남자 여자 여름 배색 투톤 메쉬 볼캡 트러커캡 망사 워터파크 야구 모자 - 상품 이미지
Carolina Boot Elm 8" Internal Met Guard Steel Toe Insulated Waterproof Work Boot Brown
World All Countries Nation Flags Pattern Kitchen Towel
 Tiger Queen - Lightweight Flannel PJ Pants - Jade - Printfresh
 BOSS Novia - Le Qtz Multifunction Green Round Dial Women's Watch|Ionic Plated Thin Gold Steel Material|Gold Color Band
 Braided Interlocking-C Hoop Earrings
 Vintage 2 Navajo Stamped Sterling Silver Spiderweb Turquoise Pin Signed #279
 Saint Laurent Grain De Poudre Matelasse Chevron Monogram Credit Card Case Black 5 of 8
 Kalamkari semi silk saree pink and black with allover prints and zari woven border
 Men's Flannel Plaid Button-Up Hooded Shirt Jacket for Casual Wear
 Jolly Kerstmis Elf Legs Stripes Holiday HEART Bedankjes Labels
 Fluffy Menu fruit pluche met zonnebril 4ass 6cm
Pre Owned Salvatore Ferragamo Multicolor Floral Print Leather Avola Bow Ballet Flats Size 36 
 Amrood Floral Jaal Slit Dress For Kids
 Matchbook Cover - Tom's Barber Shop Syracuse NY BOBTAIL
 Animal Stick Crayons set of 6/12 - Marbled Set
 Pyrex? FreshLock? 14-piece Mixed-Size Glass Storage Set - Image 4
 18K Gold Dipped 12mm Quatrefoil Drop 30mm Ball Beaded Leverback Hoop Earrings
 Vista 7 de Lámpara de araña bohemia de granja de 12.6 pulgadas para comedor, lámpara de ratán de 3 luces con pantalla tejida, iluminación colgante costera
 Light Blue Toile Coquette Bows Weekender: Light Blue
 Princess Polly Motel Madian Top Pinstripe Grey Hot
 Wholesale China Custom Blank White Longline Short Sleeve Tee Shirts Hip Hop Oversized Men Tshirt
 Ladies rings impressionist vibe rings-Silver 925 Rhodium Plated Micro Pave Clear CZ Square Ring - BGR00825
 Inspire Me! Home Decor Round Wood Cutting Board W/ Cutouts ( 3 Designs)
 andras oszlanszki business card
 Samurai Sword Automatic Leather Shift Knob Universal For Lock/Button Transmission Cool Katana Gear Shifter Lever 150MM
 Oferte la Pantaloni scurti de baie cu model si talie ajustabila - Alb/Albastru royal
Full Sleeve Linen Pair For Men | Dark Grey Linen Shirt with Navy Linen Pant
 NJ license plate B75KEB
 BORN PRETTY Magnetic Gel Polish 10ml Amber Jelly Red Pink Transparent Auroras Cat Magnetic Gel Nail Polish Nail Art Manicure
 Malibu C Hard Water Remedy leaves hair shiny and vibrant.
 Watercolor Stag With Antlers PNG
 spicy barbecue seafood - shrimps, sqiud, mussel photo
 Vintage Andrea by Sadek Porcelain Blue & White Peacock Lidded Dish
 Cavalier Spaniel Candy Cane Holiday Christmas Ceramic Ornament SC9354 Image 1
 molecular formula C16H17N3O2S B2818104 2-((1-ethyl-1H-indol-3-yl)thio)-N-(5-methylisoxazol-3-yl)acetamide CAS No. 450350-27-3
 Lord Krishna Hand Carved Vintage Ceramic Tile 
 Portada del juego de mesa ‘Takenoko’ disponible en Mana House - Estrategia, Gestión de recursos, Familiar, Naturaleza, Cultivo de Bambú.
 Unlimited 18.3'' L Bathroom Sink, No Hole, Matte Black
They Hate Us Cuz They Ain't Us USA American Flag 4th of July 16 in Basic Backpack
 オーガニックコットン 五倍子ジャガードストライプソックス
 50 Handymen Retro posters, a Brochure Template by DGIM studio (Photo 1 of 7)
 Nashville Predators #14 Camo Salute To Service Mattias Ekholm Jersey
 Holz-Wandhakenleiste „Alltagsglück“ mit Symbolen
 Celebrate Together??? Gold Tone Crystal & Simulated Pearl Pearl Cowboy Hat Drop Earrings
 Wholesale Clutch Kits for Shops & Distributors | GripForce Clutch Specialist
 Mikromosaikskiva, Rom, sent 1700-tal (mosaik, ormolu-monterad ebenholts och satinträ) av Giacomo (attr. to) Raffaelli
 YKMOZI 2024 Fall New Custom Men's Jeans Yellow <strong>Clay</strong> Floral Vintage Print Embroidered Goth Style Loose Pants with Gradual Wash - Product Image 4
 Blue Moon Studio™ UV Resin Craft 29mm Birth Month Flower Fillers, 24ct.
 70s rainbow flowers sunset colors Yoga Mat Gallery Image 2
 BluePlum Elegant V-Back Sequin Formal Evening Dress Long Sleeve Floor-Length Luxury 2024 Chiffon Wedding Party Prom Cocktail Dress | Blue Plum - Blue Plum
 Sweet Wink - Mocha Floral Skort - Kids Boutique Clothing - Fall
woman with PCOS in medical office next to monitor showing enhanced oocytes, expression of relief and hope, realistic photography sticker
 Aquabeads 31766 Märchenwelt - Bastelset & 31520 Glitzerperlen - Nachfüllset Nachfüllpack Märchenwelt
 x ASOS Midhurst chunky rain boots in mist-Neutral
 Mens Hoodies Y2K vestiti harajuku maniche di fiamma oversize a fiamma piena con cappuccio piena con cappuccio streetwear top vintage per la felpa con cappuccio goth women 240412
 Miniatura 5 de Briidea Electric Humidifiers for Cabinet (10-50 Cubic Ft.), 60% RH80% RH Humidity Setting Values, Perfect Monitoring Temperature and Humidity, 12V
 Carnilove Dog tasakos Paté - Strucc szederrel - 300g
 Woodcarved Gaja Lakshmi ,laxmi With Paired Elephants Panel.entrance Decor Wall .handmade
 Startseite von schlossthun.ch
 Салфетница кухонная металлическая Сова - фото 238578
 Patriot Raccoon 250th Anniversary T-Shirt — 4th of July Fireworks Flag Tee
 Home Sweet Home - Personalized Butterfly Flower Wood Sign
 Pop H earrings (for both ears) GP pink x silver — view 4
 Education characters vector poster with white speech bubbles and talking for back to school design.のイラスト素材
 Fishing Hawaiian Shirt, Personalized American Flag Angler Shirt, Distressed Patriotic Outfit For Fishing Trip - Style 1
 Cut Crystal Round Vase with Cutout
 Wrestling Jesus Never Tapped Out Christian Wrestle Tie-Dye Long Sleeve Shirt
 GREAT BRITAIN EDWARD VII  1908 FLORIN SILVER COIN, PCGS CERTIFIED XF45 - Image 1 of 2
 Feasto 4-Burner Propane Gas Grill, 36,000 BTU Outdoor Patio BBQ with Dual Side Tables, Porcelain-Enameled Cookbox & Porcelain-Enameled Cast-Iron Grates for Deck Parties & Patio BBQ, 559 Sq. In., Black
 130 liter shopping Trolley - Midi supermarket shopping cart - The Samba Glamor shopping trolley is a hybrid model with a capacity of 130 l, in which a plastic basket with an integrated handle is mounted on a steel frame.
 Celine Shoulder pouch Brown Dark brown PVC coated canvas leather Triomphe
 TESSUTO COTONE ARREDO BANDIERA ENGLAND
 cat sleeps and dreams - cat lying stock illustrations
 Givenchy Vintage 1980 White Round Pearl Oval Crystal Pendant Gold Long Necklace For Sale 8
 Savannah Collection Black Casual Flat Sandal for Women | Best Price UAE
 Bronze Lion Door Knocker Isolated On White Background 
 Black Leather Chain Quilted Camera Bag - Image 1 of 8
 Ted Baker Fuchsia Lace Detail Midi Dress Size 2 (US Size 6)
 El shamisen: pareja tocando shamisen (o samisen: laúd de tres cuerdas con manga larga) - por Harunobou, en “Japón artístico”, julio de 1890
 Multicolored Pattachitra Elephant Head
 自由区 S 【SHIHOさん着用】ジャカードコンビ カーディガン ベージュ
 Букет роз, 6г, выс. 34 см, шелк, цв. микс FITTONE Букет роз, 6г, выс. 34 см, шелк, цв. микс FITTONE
----------------
> _Exercise_
All that belongs in your answer is the stretch of entries above from the line with "BluePlum Elegant V-Back" through the line with "Feasto 4-Burner Propane", printed exactly.

> _Result of this task_
 BluePlum Elegant V-Back Sequin Formal Evening Dress Long Sleeve Floor-Length Luxury 2024 Chiffon Wedding Party Prom Cocktail Dress | Blue Plum - Blue Plum
 Sweet Wink - Mocha Floral Skort - Kids Boutique Clothing - Fall
woman with PCOS in medical office next to monitor showing enhanced oocytes, expression of relief and hope, realistic photography sticker
 Aquabeads 31766 Märchenwelt - Bastelset & 31520 Glitzerperlen - Nachfüllset Nachfüllpack Märchenwelt
 x ASOS Midhurst chunky rain boots in mist-Neutral
 Mens Hoodies Y2K vestiti harajuku maniche di fiamma oversize a fiamma piena con cappuccio piena con cappuccio streetwear top vintage per la felpa con cappuccio goth women 240412
 Miniatura 5 de Briidea Electric Humidifiers for Cabinet (10-50 Cubic Ft.), 60% RH80% RH Humidity Setting Values, Perfect Monitoring Temperature and Humidity, 12V
 Carnilove Dog tasakos Paté - Strucc szederrel - 300g
 Woodcarved Gaja Lakshmi ,laxmi With Paired Elephants Panel.entrance Decor Wall .handmade
 Startseite von schlossthun.ch
 Салфетница кухонная металлическая Сова - фото 238578
 Patriot Raccoon 250th Anniversary T-Shirt — 4th of July Fireworks Flag Tee
 Home Sweet Home - Personalized Butterfly Flower Wood Sign
 Pop H earrings (for both ears) GP pink x silver — view 4
 Education characters vector poster with white speech bubbles and talking for back to school design.のイラスト素材
 Fishing Hawaiian Shirt, Personalized American Flag Angler Shirt, Distressed Patriotic Outfit For Fishing Trip - Style 1
 Cut Crystal Round Vase with Cutout
 Wrestling Jesus Never Tapped Out Christian Wrestle Tie-Dye Long Sleeve Shirt
 GREAT BRITAIN EDWARD VII  1908 FLORIN SILVER COIN, PCGS CERTIFIED XF45 - Image 1 of 2
 Feasto 4-Burner Propane Gas Grill, 36,000 BTU Outdoor Patio BBQ with Dual Side Tables, Porcelain-Enameled Cookbox & Porcelain-Enameled Cast-Iron Grates for Deck Parties & Patio BBQ, 559 Sq. In., Black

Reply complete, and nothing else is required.